# EXERCISE MATERIALS:
··········
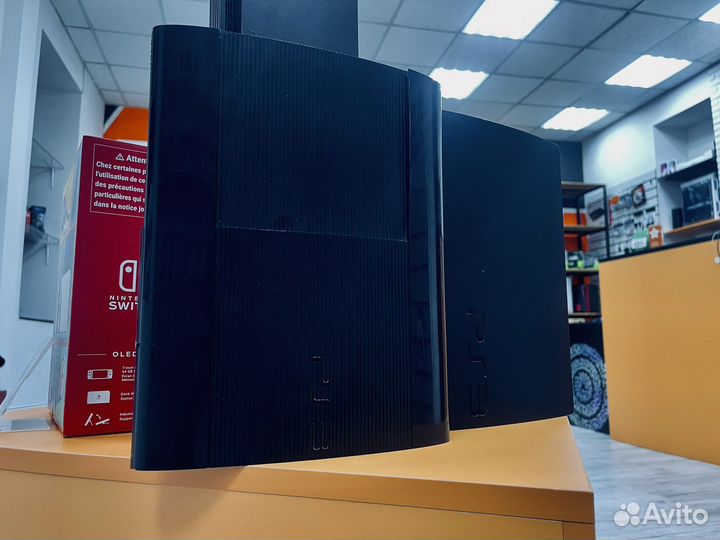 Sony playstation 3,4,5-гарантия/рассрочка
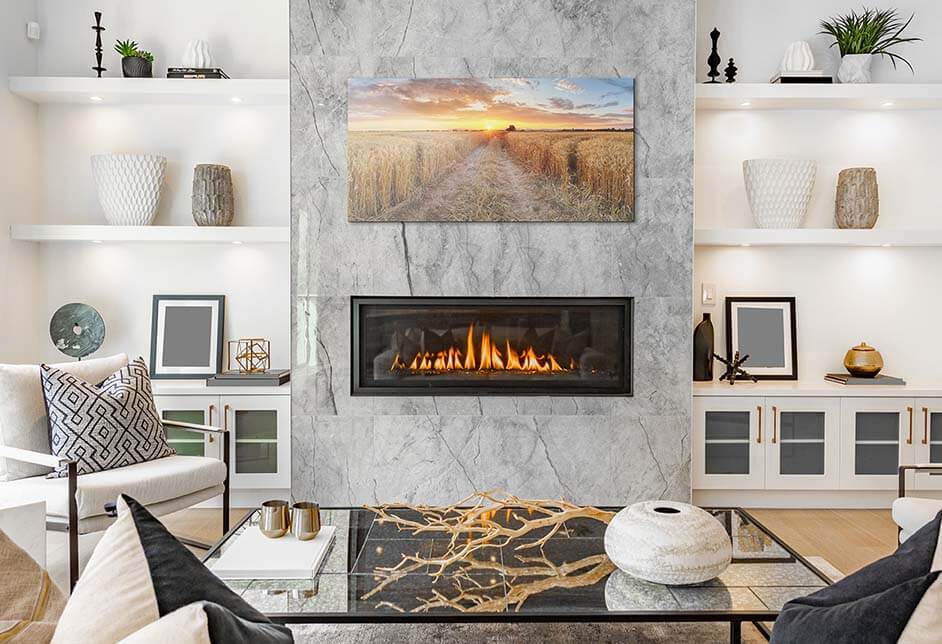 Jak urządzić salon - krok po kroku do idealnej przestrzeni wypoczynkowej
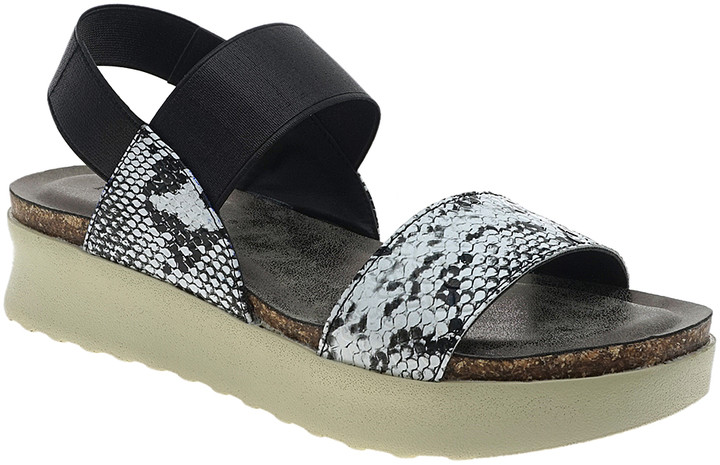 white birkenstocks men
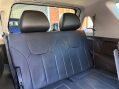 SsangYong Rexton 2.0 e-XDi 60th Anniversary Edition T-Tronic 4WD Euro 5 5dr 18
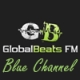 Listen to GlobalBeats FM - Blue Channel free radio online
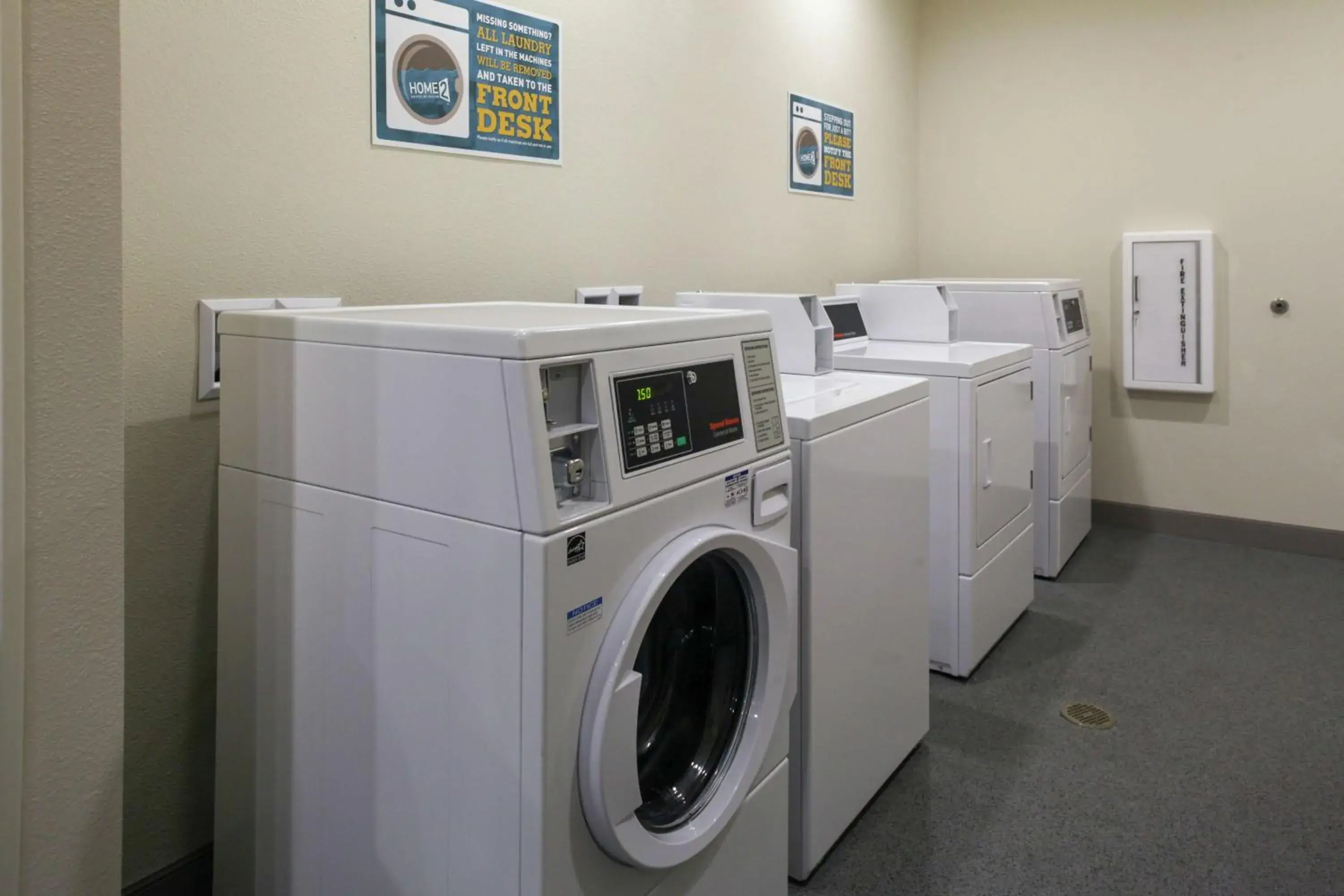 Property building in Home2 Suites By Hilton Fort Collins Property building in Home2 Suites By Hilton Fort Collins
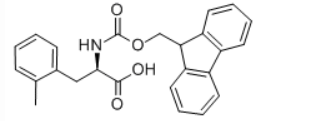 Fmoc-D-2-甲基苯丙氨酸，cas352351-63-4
··········
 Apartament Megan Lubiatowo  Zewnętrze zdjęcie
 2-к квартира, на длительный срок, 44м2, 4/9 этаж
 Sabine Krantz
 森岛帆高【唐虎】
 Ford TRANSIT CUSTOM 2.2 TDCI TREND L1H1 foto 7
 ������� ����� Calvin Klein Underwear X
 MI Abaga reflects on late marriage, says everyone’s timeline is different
··········
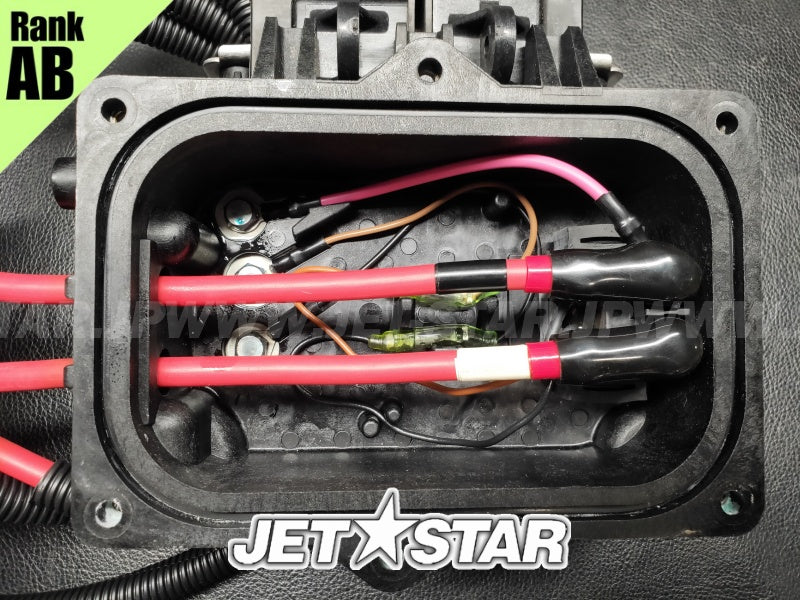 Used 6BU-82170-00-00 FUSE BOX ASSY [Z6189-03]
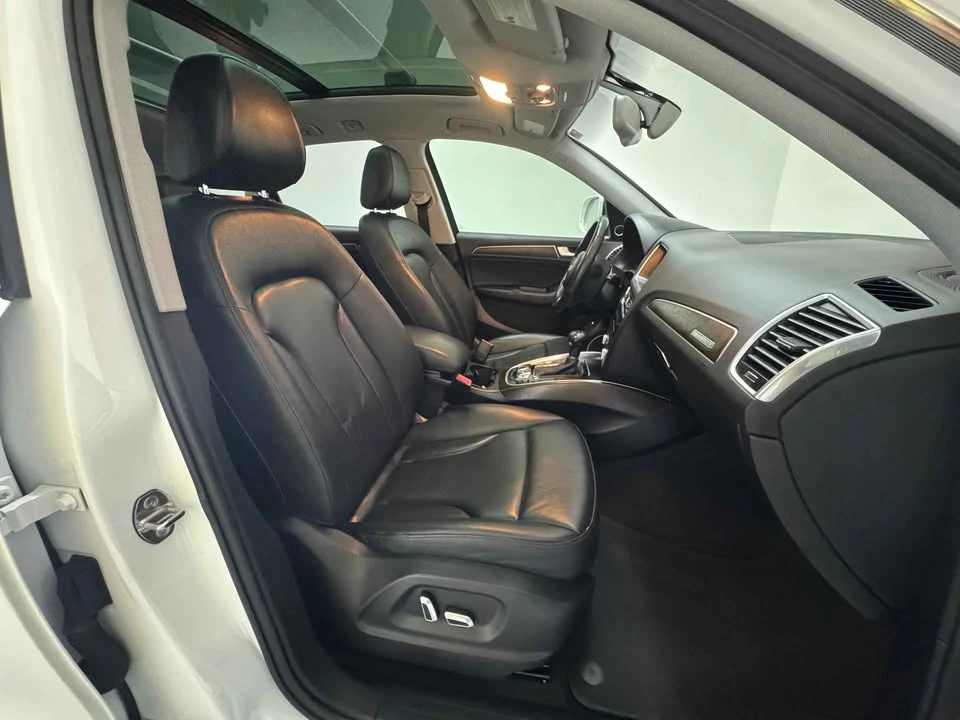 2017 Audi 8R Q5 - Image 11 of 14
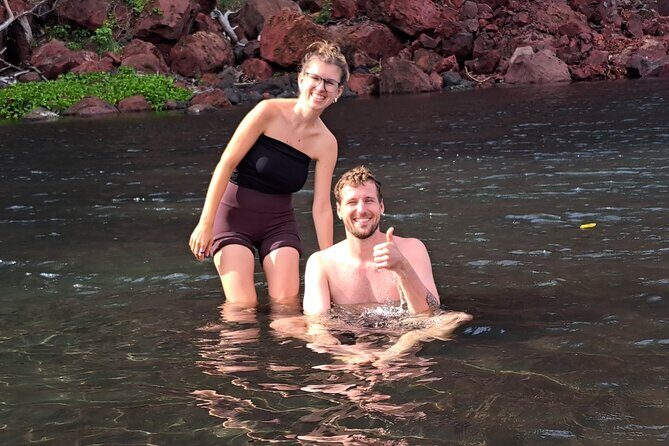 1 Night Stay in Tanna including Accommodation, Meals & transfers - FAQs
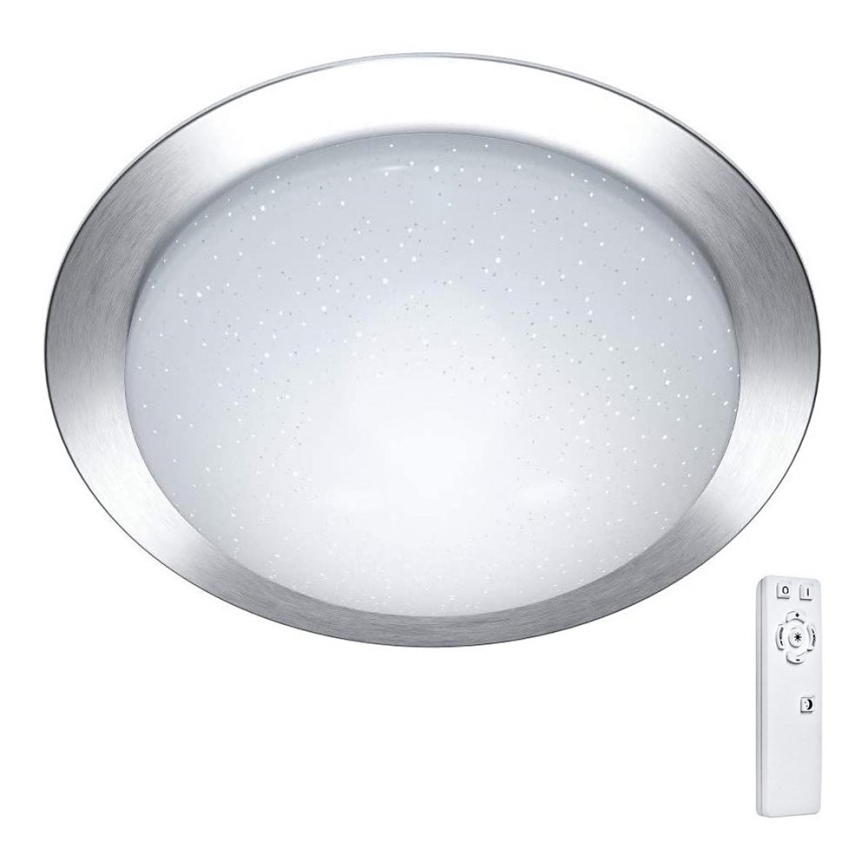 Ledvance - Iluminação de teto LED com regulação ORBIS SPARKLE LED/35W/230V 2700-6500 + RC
··········
# WHAT IS EXPECTED:
Look above for the line holding "Listen to GlobalBeats" and output everything from it down to the line holding "Fmoc-D-2-甲基苯丙氨酸，cas352351-63-4", both ends included, exactly and without images.

# EXERCISE ANSWER:
 Listen to GlobalBeats FM - Blue Channel free radio online
 Property building in Home2 Suites By Hilton Fort Collins Property building in Home2 Suites By Hilton Fort Collins
 Fmoc-D-2-甲基苯丙氨酸，cas352351-63-4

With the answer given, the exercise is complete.